(Pictures with short captions)

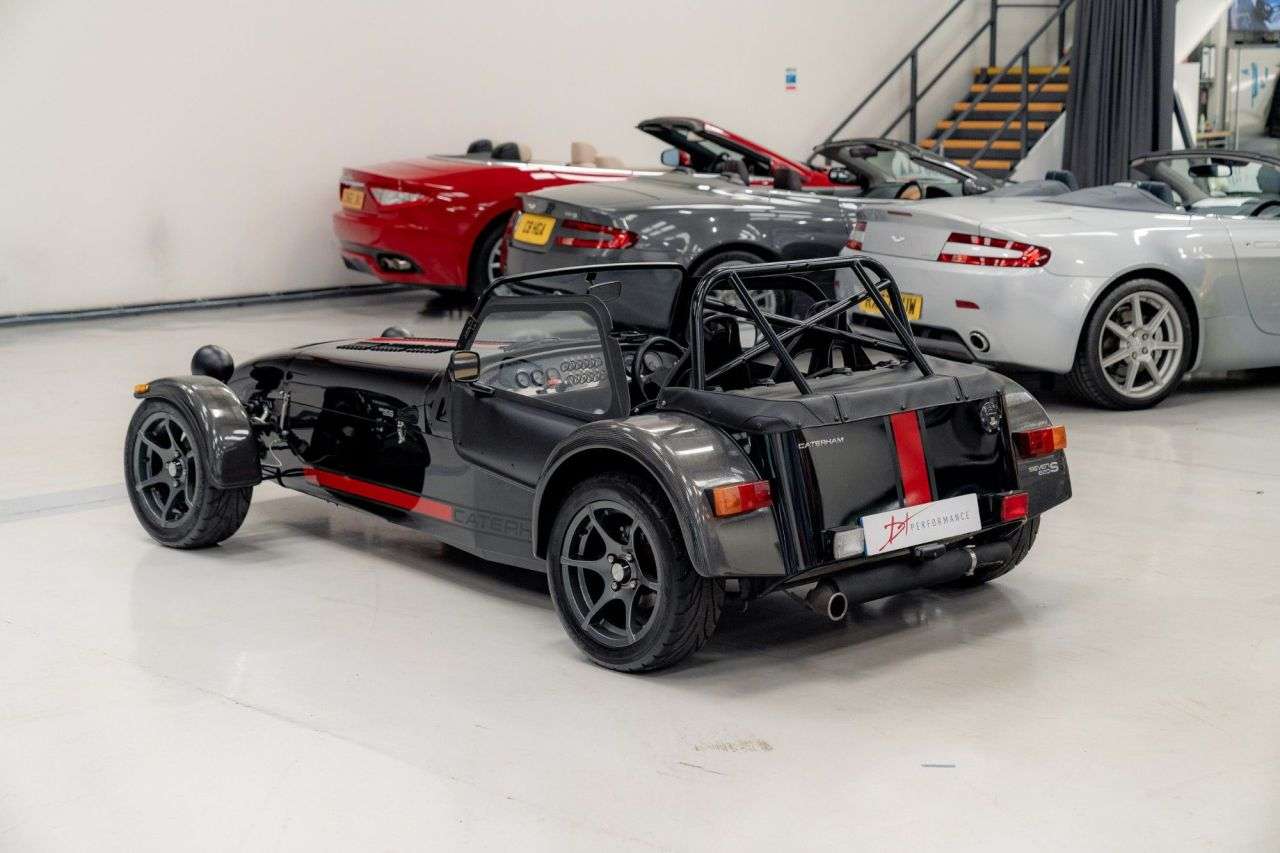 2016 CATERHAM SEVEN 2016 CATERHAM SEVEN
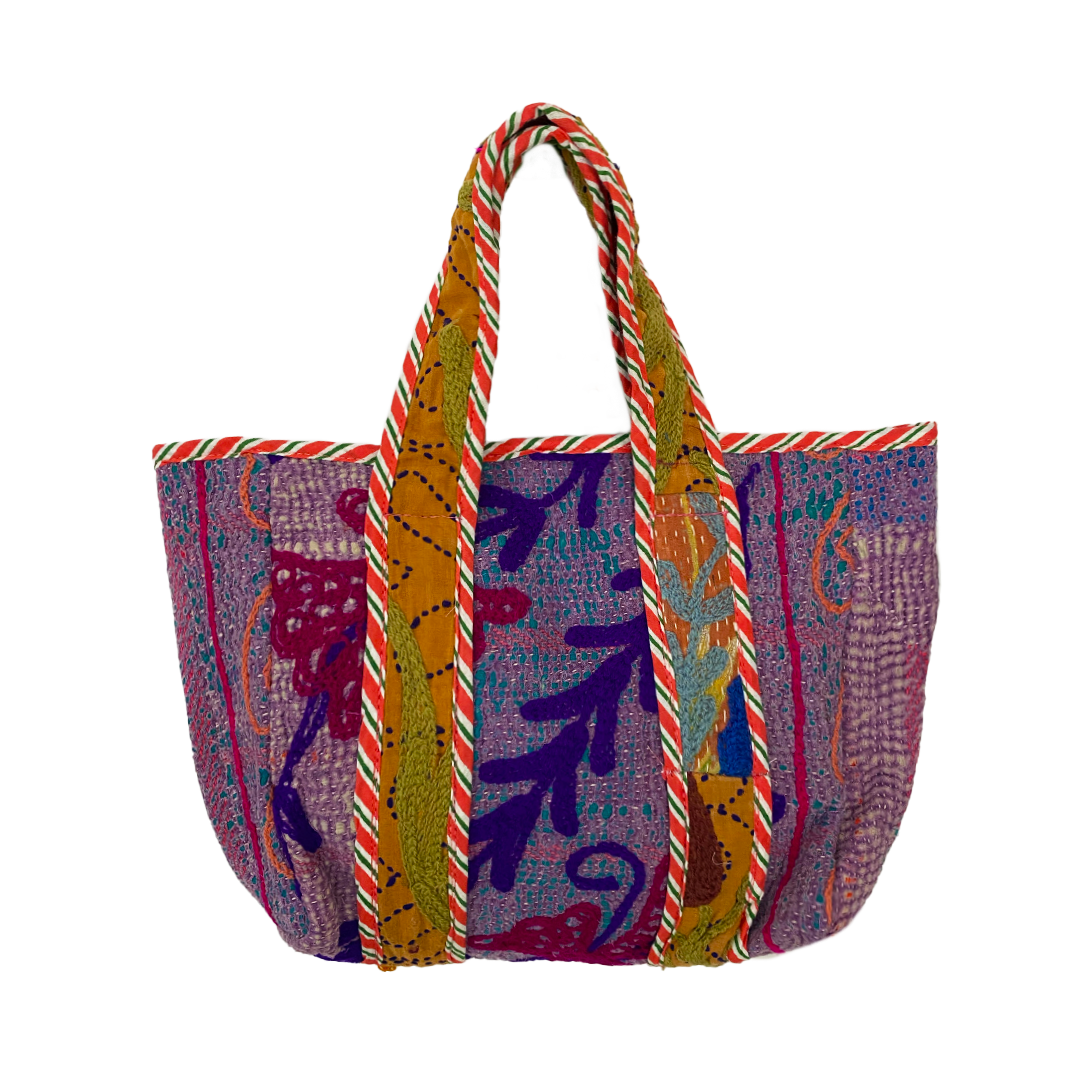 Suzani mini-bag NO.30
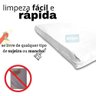 Capa Impermeável para Colchão Casal Feita em Napa Hospitalar 138x188x22cm - Branca - 7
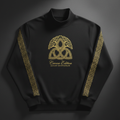 TITAN Celtic Knotwork Crewneck Turtleneck — Druid Edition
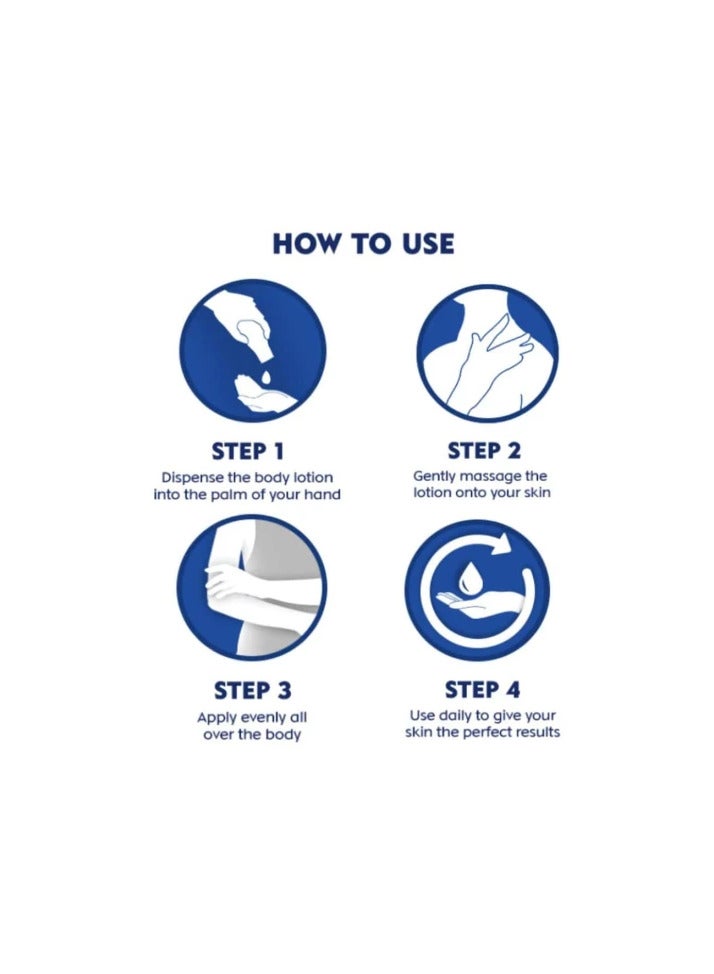 نيفيا لوشن الصبار للعناية بالبشرة 400مل - Image 3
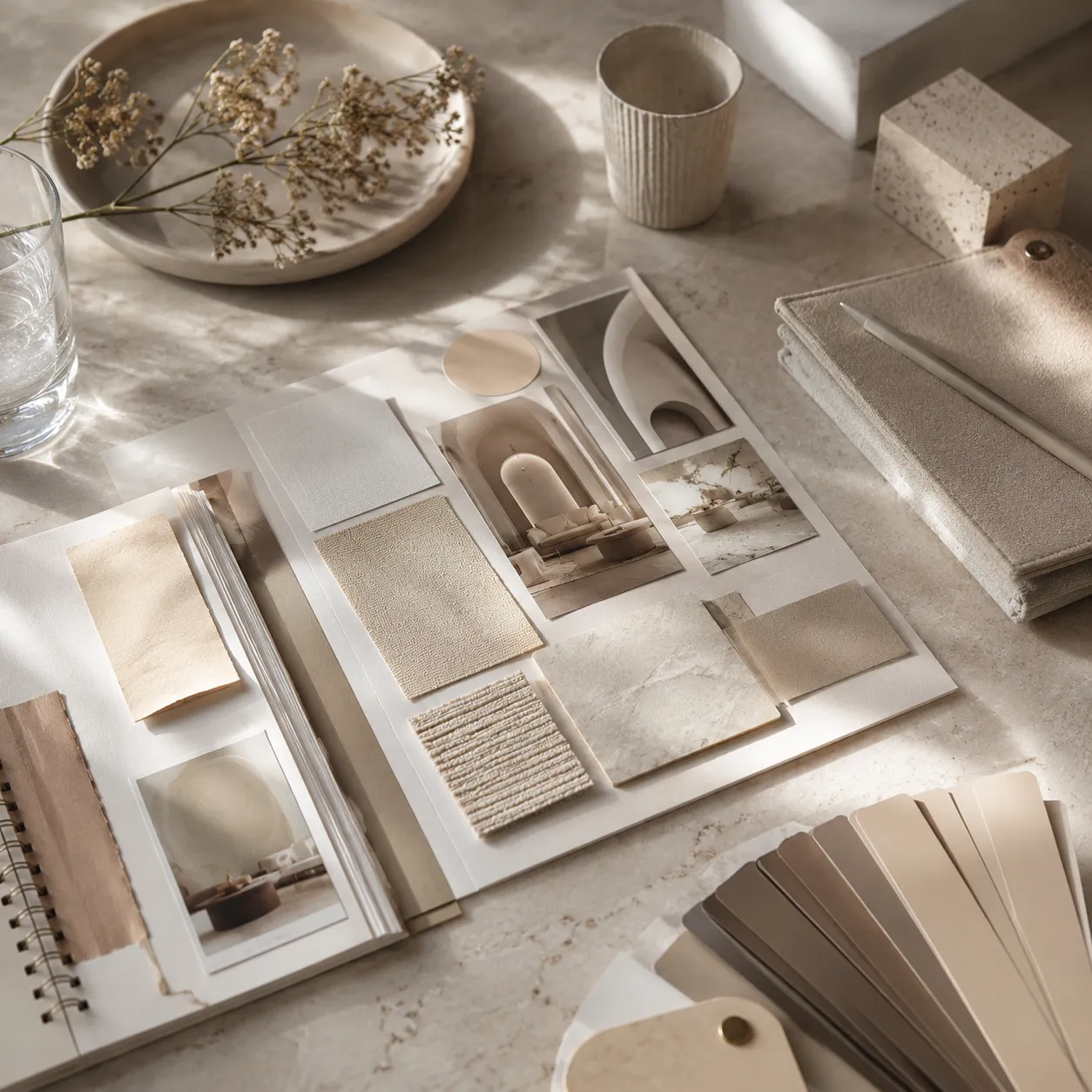 Salon Branding from why yo space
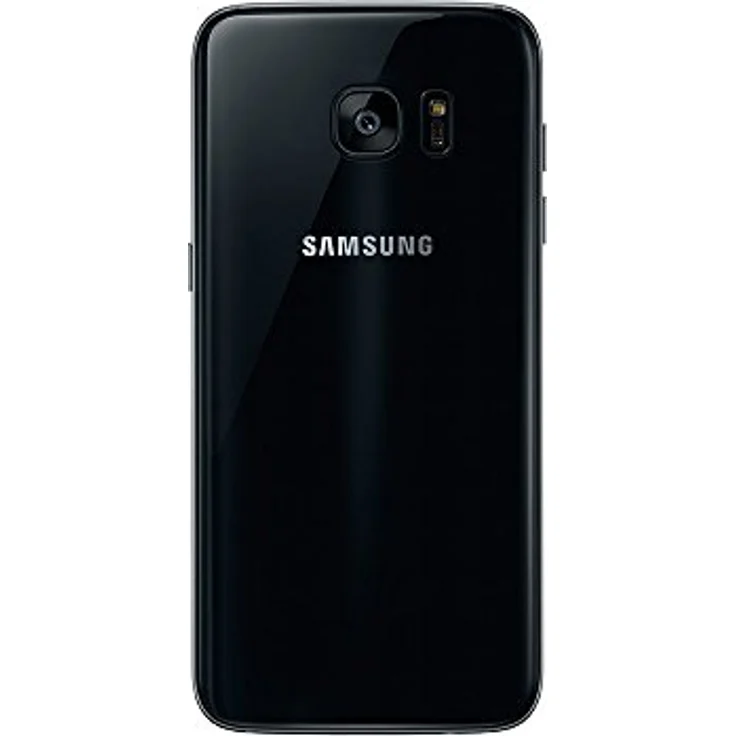 Samsung Galaxy S7 EDGE Smartphone (5,5 Zoll, 32GB interner Speicher) - Brillantes Quad-HD Display, wasser- und staubgeschützt, 12MP-Kamera mit Dual Pixel – Bild 3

### Task requirements:
Set down each entry again exactly as written. Pictures stay out.

### Solution to this problem:
 2016 CATERHAM SEVEN 2016 CATERHAM SEVEN
 Suzani mini-bag NO.30
 Capa Impermeável para Colchão Casal Feita em Napa Hospitalar 138x188x22cm - Branca - 7
 TITAN Celtic Knotwork Crewneck Turtleneck — Druid Edition
 نيفيا لوشن الصبار للعناية بالبشرة 400مل - Image 3
 Salon Branding from why yo space
 Samsung Galaxy S7 EDGE Smartphone (5,5 Zoll, 32GB interner Speicher) - Brillantes Quad-HD Display, wasser- und staubgeschützt, 12MP-Kamera mit Dual Pixel – Bild 3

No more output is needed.